[Source data]
^^^^^^^^

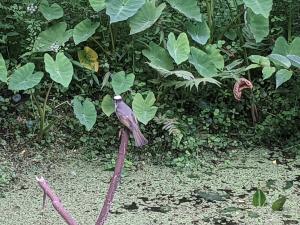 白頭翁(台灣亞種)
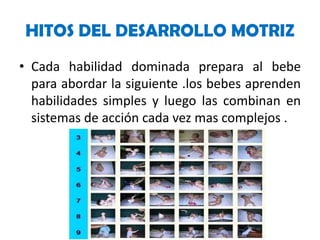 HITOS DEL DESARROLLO MOTRIZ
• Cada habilidad dominada prepara al bebe
para abordar la siguiente .los bebes aprenden
habilidades simples y luego las combinan en
sistemas de acción cada vez mas complejos .

 
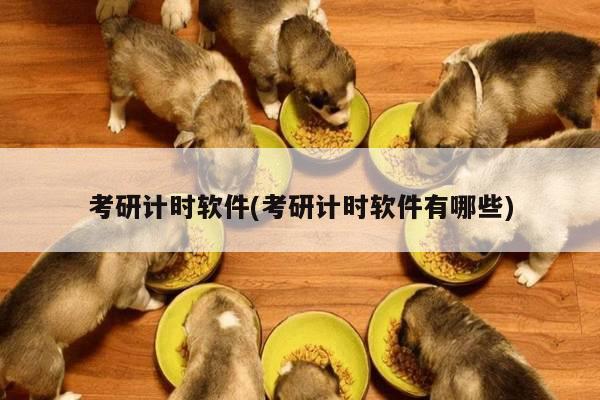 考研计时软件(考研计时软件有哪些)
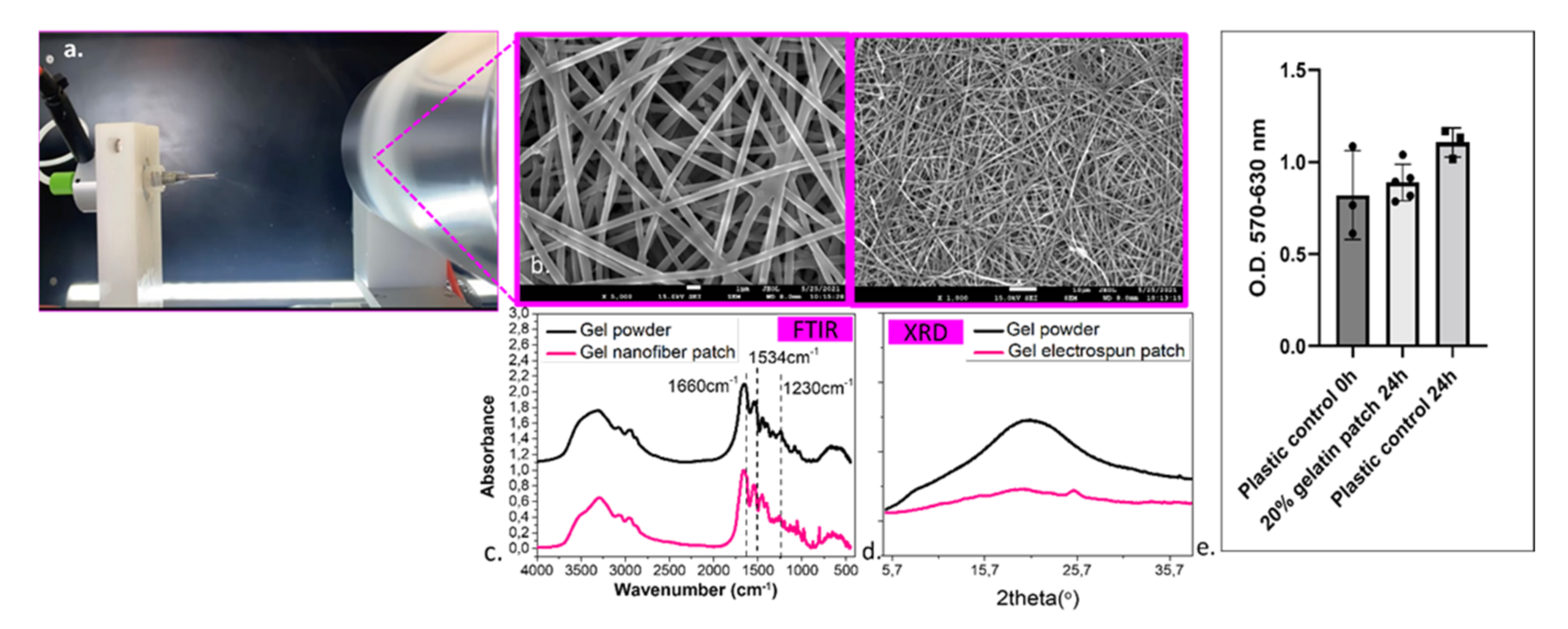 Ijms 23 06511 g004 Ijms 23 06511 g004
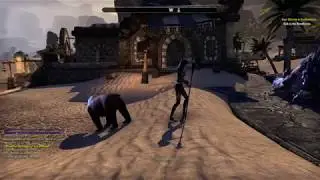 Elder scrolls Botting.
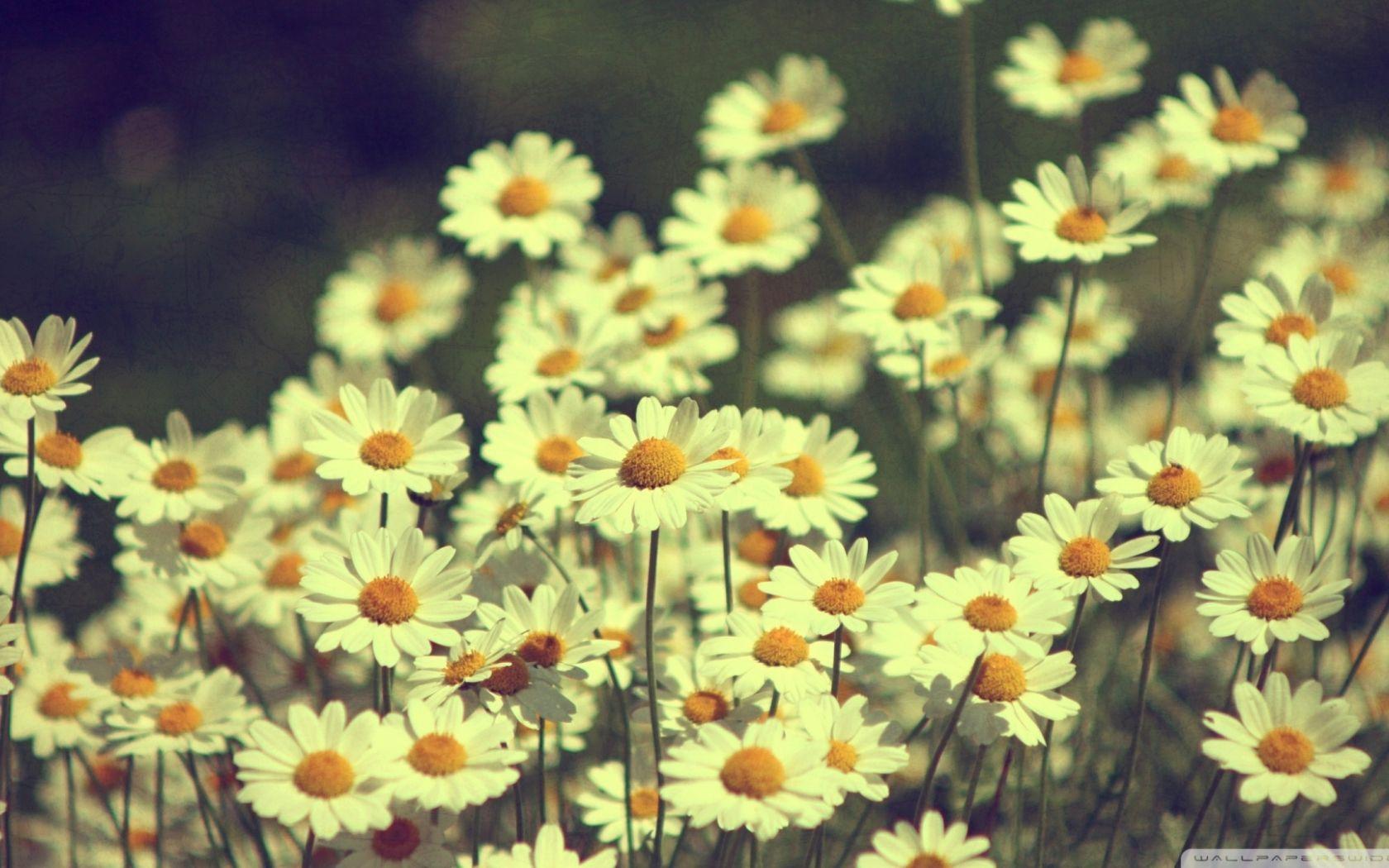 Wallpaper meadow, spring, flowers, white daisy desktop wallpaper, hd image,  picture, background, fa0e69 | wallpapersmug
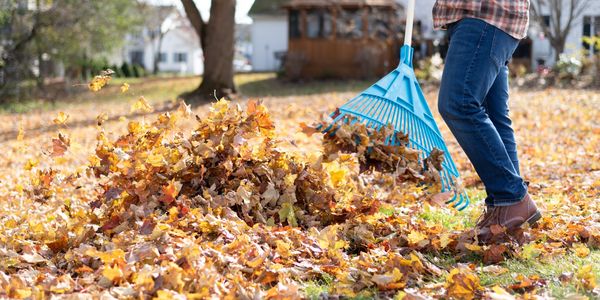 Fall Home Maintenance Tips 2021
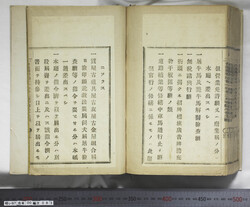 明い097000830005.jpg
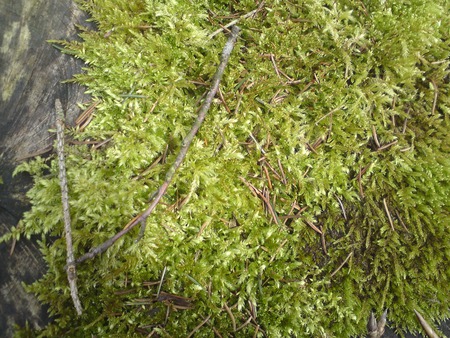 moss - nature, moss, forest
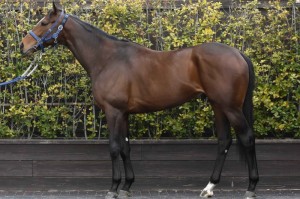 馬体のコンディション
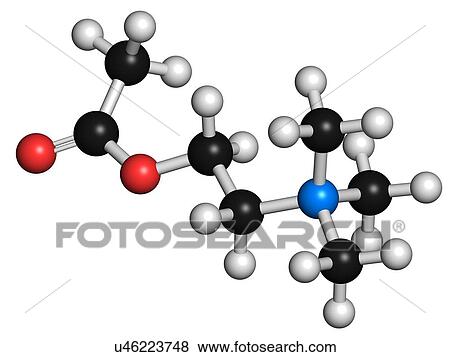 Acetylchloline neurotransmitter molecule View Large Illustration Stock Illustration - Acetylchloline neurotransmitter molecule. Fotosearch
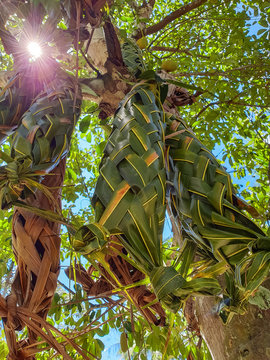 Kora or Kro is a weave that is used to wrap or wear fruits such as jackfruit and Champa. In order to prevent the larvae invading the fruit. Generally made from fresh or dried coconut leaves.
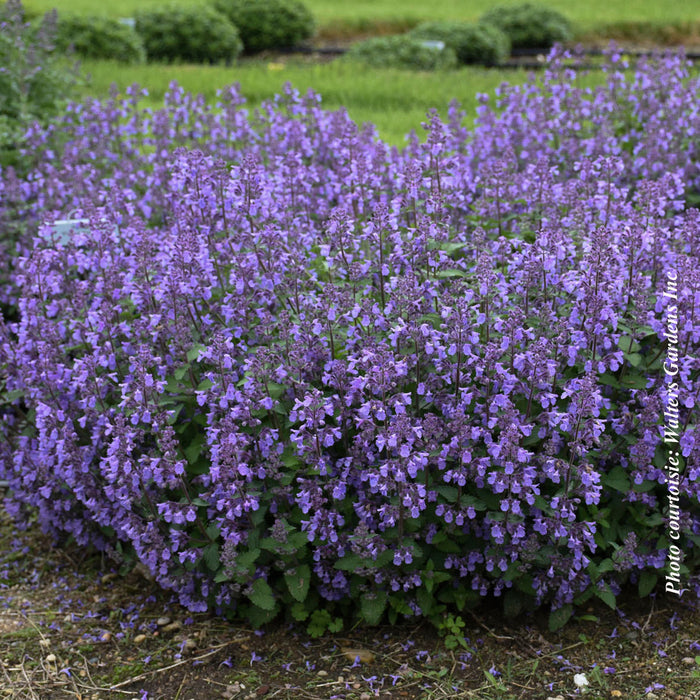 NEPETA - PICTURE PERFECT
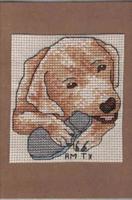 Dog with Shoe Card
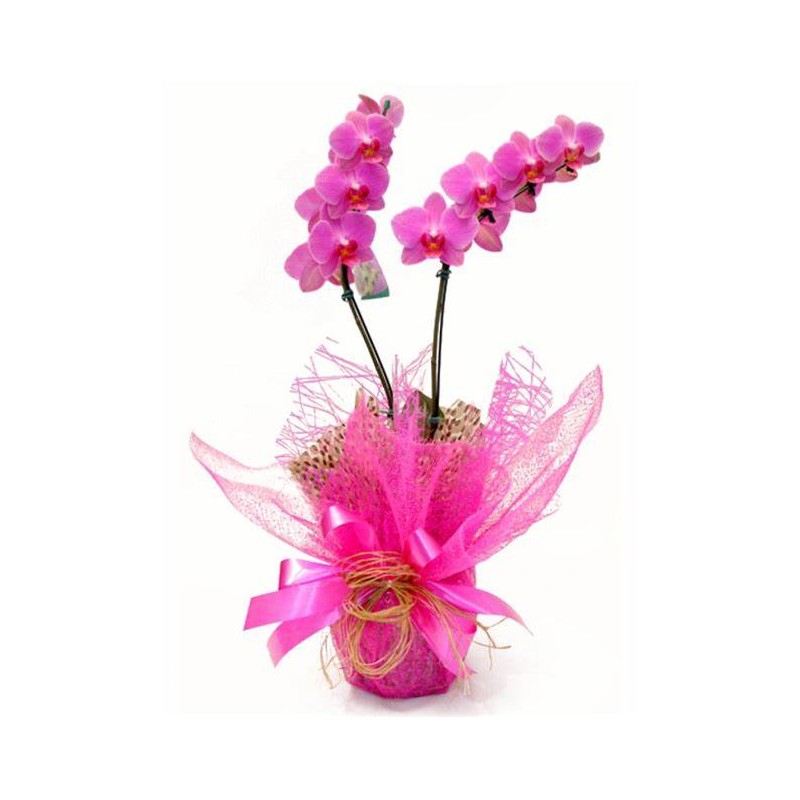 Orquídea Phalaenopsis Rosa com 2 hastes - Floricultura Bella Vita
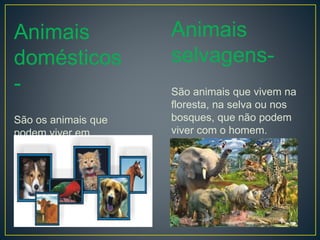 Animais
domésticos
-
São os animais que
podem viver em
quintas ou nas casas.
Animais
selvagens-
São animais que vivem na
floresta, na selva ou nos
bosques, que não podem
viver com o homem.
 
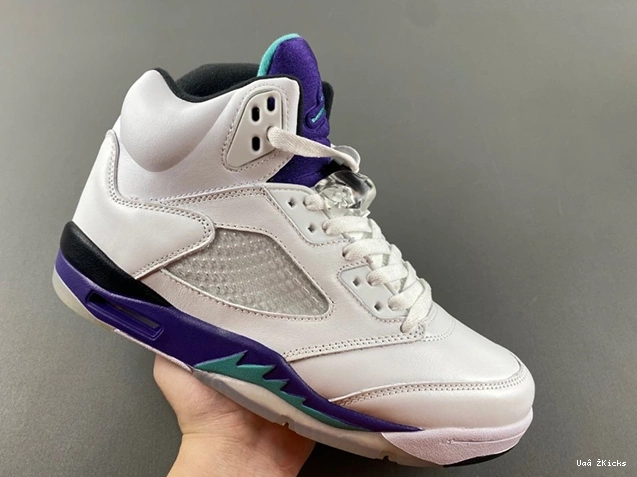 1877 DailyWear  Grape 136027- 5 Jordan 547 Retro 0807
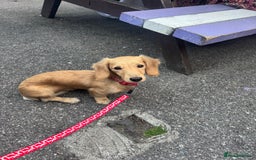 Miniature Dachshund dogs for sale: Bhodi  - Image 2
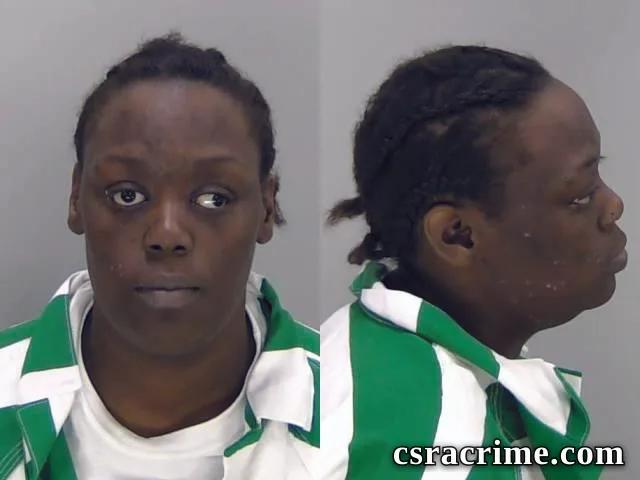 Theresa James booking photo
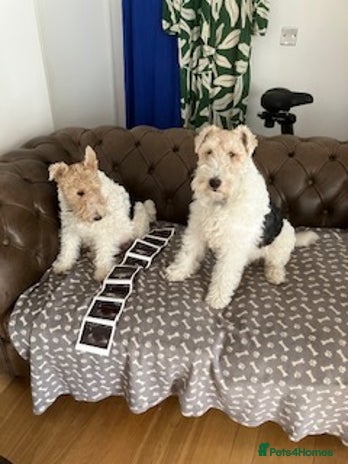 Fox Terrier dogs - Advert 1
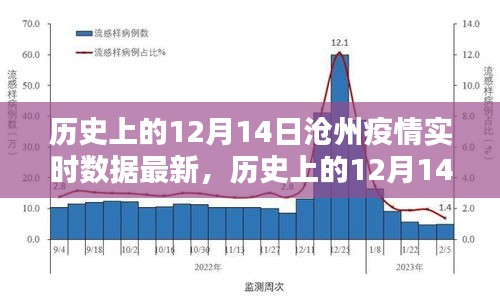 歷史上的12月14日滄州疫情實(shí)時(shí)數(shù)據(jù)深度測(cè)評(píng)與介紹，最新數(shù)據(jù)與介紹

^^^^^^^^

Problem description
Starting at the line that holds "Theresa James booking photo", print each line through the last one of the entries above, exactly and with both ends included; no pictures.

The answer
 Theresa James booking photo
 Fox Terrier dogs - Advert 1
 歷史上的12月14日滄州疫情實(shí)時(shí)數(shù)據(jù)深度測(cè)評(píng)與介紹，最新數(shù)據(jù)與介紹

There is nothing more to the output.